Korea’s National Assembly Speaker Chung Ui-hwa is expected to meet with Prime Minister Shinzo Abe on a visit to Japan next month amid a recent increase in exchanges between high-level politicians from the two nations.

Chung, a five-term lawmaker, is scheduled to visit Japan for three days starting Oct. 26. According to diplomatic sources from both countries, he is expected to meet with Japan’s ruling and opposition party leaders, including Bunmei Ibuki, the speaker of the House of Representatives, and Masaaki Yamazaki, the president of the upper house of the National Diet.

Chung’s trip makes him the highest-ranking official from the current administration so far to visit Tokyo since the inception of the Park Geun-hye government.

Several international leadership summits are scheduled this fall, with considerable interest in what sort of message is conveyed between Korea and Japan’s leadership and if it could pave the way for a bilateral summit.

Last Friday, former Japanese Prime Minister Yoshiro Mori delivered a handwritten letter from Abe in a rare meeting with President Park Geun-hye at the Blue House.
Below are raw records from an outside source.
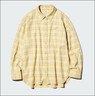 優(yōu)衣庫女裝法蘭絨襯衫/格紋格子長(cháng)袖襯衣485263 41 杏黃色 M 曬單實(shí)拍圖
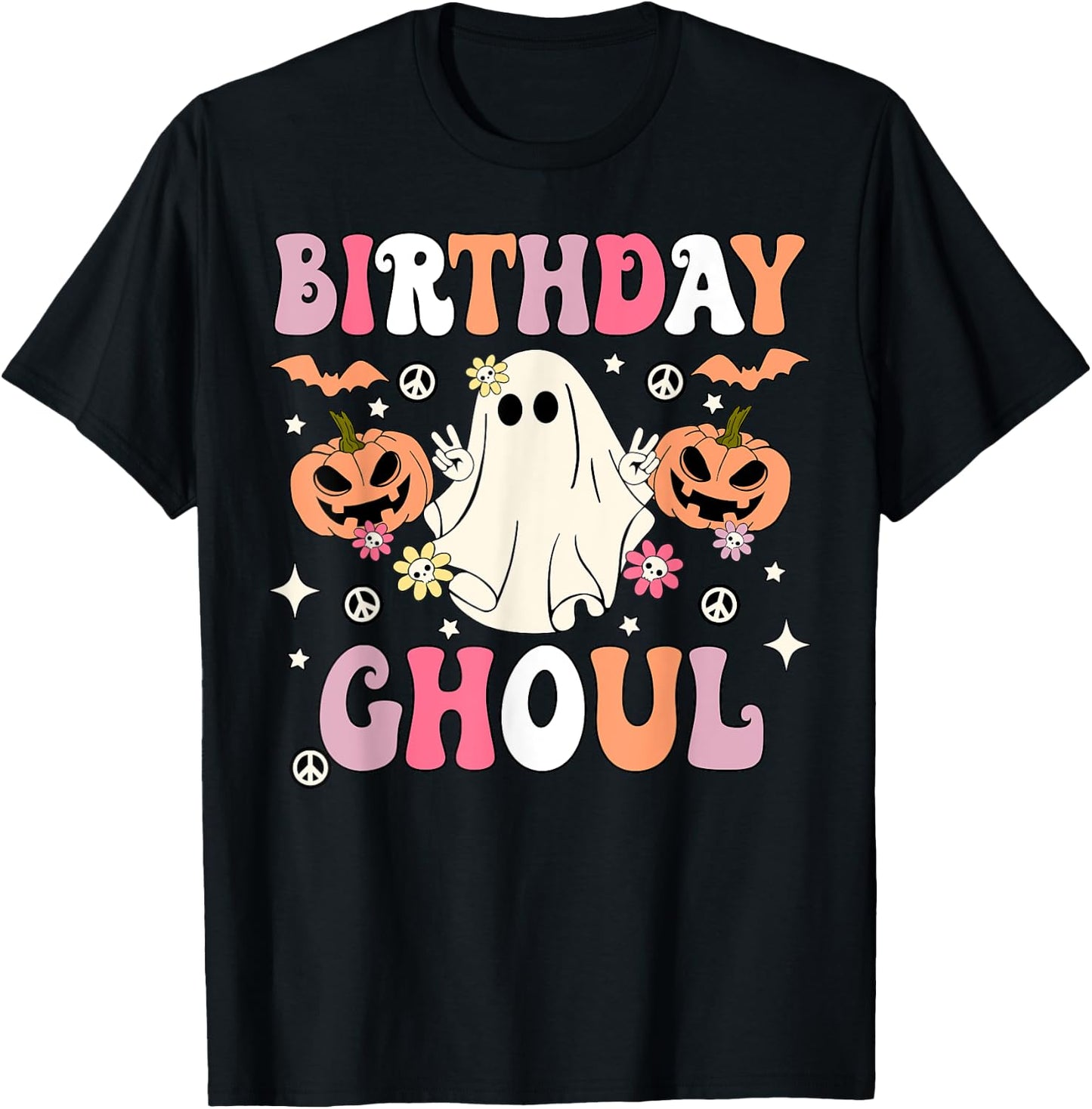 Birthday Ghoul Groovy Ghost Kids Girls Halloween Party T-Shirt - T-Shirt | Black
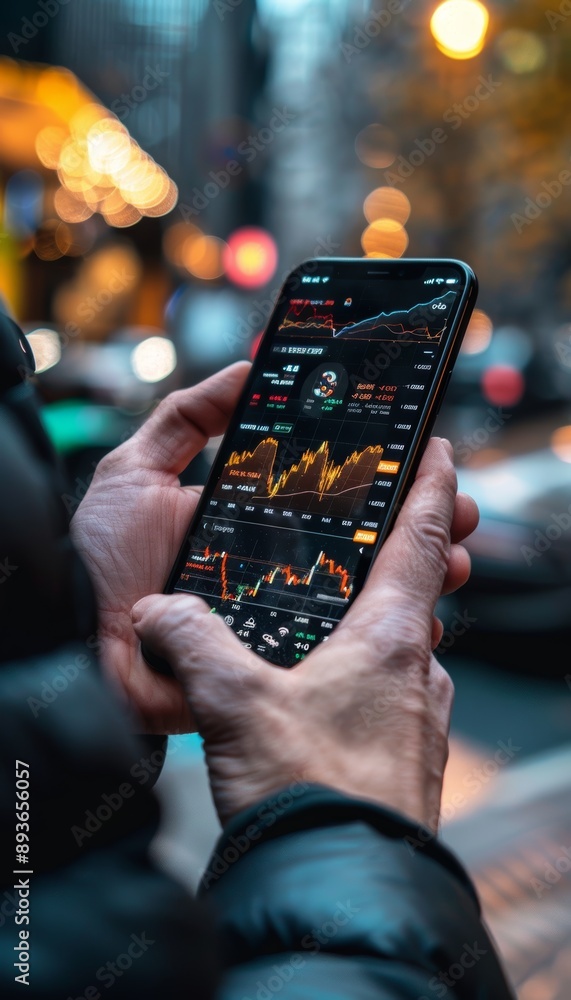 Poster trader analyzing cryptocurrency market data on smartphone for real-time investments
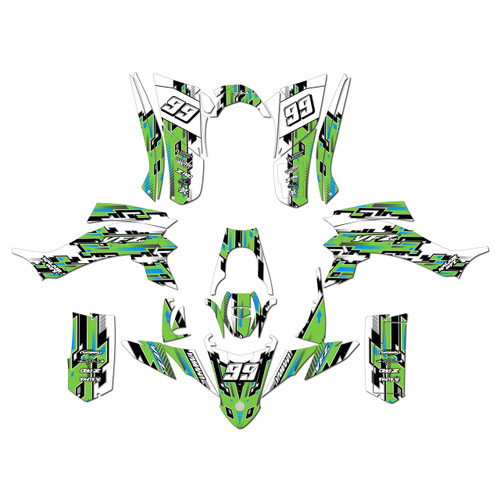 yamaha yfz50 graphics kit all years incision series green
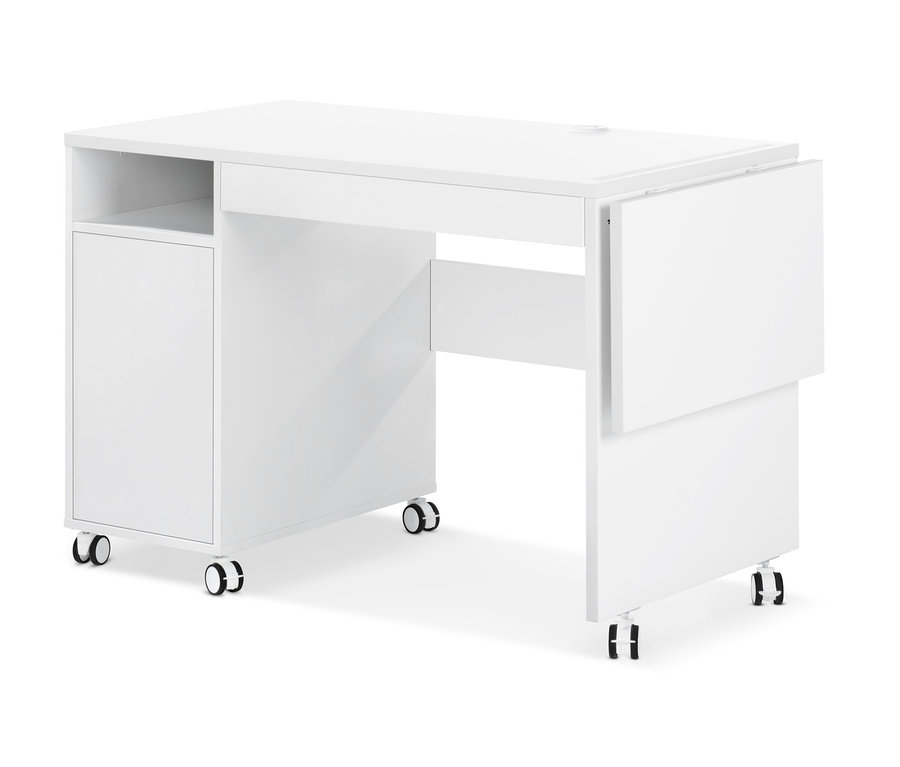 Weißer Multifunktionstisch mit erweiterbarer Tischplatte auf Rollen.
In the letter, Abe proposed meeting with Park, saying that he looked forward to meeting her at international conferences in the coming months.

“Since Prime Minister Mori’s visited Korea on Sept. 19 and delivered a handwritten letter from Prime Minister Abe to President Park, there is a likelihood that speaker Chung will bring a handwritten reply from Park to Abe.”
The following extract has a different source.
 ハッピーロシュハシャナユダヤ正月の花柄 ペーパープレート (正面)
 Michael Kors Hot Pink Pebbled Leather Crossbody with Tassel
Chung was invited to Tokyo by Ibuki, who became speaker of the Japanese lower house in December 2012.

He initially sent an invitation to Chung at the end of last month, requesting a meeting with leaders from Korea and Japan’s legislatures to “make a breakthrough in the improvement of Korea-Japan relations.”

Ibuki previously served as education minister during Abe’s first term as prime minister in 2006 and secretary general of the Liberal Democratic Party from 2007 to 2008.

Chung’s visit to Japan will have symbolic significance at a time when diplomatic ties between the two nations have remained frigid over historical and territorial disputes.

The last meeting between Korea and Japan’s leadership involved President Lee Myung-bak and Prime Minister Noda Yoshihiko in December 2011 in Kyoto.

A National Assembly speaker officially visited Japan last in 2010, when then-speaker Park Hee-tae met with then-Prime Minister Kan Naoto.

Officials from Korea and Japan are expected to attend a number of international conferences in November, including the Asia-Pacific Economic Cooperation (APEC) conference in Beijing and the G-20 summit in Brisbane, Australia.

Japanese Foreign Minister Fumio Kishida is currently seeking talks with Foreign Minister Yun Byung-se, which are in the final stages of approval, Japanese media reported yesterday. Korean officials said yesterday they are still in the process of negotiating a meeting.